On the flip side, the slump in rupee value greatly aided the textile exporters in posting better profit margins, he underlined.

“Although the sector imports some of the raw material, the devaluation of rupee lent it all-out support,” he added.

Echoing his views, Arif Habib Limited (AHL) analyst Arsalan Hanif said that rupee’s devaluation against the greenback mainly facilitated the textile sector.

“It gives the textile exporters a competitive advantage over other countries, in terms of pricing, labour charges and profit margins,” he said, adding that the sector was witnessing a double-digit growth in exports.

On the other hand, the automobile sector was the worst affected from the slump in the rupee value, as “the industry imports most of its parts from abroad”, he underlined.
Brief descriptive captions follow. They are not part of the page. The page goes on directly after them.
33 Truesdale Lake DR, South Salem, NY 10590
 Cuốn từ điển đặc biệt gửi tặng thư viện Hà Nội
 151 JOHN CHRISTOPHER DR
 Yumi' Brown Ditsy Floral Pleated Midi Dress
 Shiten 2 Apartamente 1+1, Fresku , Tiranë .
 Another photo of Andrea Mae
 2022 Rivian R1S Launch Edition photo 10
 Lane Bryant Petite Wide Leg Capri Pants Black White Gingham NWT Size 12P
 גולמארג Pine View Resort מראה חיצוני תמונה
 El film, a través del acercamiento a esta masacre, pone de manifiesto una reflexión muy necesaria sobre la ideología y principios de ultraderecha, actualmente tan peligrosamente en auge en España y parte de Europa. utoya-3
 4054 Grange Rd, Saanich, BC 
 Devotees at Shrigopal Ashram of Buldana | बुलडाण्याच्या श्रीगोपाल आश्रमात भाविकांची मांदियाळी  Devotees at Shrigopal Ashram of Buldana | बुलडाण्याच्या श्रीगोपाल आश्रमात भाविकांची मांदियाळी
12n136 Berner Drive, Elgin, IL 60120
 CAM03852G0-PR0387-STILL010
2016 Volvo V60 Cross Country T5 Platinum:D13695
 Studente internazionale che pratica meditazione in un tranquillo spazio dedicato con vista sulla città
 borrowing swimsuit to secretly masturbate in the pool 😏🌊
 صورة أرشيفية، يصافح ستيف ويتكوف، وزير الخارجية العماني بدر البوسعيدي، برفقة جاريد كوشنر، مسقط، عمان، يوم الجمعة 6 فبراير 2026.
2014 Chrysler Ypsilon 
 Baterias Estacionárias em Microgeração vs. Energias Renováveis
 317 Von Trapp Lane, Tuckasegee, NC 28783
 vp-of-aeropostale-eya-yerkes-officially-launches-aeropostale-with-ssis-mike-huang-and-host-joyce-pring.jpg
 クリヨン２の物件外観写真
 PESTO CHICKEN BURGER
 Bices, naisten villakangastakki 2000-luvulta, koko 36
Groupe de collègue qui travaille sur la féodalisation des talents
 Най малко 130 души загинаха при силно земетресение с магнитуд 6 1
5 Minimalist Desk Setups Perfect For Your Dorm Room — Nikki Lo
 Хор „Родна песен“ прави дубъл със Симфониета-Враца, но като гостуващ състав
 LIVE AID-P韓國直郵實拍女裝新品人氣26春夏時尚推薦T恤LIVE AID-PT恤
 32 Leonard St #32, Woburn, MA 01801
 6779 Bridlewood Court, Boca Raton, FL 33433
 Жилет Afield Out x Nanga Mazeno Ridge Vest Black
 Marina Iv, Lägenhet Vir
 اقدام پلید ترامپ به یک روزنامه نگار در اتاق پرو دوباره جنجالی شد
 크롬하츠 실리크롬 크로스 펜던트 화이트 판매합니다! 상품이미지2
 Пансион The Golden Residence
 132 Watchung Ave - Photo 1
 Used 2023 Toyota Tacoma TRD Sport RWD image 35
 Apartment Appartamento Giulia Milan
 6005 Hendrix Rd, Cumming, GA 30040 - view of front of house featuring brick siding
Therefore, car prices in Pakistan increased by more than 50% in the past three years, he added.

“The auto sector can easily pass on the impact of costly raw material to end-consumers due to strong pricing power of auto companies,” he said. “This has already been witnessed in the past.”

Talking about the textile industry, Topline Securities analyst Saad Ziker noted that the diversion of foreign orders to Pakistan from regional countries, amid the Covid-19 pandemic, also played a key role in lifting the textile exports besides devaluation of local currency.

The textile exports touched $9.4 billion in the first half of 2021-22, he said adding that the rupee depreciation coupled with higher cotton prices helped the sector reach this level.

“Textile sector is the biggest beneficiary of rupee devaluation,” he remarked.

Referring to the pharmaceutical industry, he mentioned that the companies urged the government to increase the prices of medicines, as the majority of active pharmaceutical ingredients were being imported by the firms.

Citing examples, he said that recently the cost of raw material used in Paracetamol (medicine) increased which led DRAP to approve around 40% hike in its price, from Rs1.9 to Rs2.7 a tablet.

Insight Securities analyst Saad Hanif underlined that the slump in the value of rupee had significantly increased the production cost of the industries, as “they mainly import coal for their operations and it constitutes around 40-45% of their cost of goods sold”.

A senior analyst of the cement industry, Saqib Hussain, was of the view that the rupee devaluation had increased the cost of manufacturing by Rs100 a bag (cement) in the past three years.

Topline Securities analyst Mehroz Khan said that following the outbreak of Covid-19, the global steel industry faced multiple challenges as the commodity super cycle had a grave impact on the sector.

This resulted in higher working capital requirements and also restricted volumetric growth due to inflated prices.

“Before Covid-19 struck Pakistan, the steel industry was already reeling from the impact devaluation of the local currency because it relies on imported raw material,” he said.

Citing that since December 2017 to date, the input cost of the long steel industry surged 142%.

Talking about flat steel, he stated that there was a rise in the input cost (landed raw material) by 154% out of which 102% came on the back of weakening of the local currency.

“Same goes for the cement sector whose raw material cost skyrocketed 229%, with currency devaluation holding a share of 132%,” he said.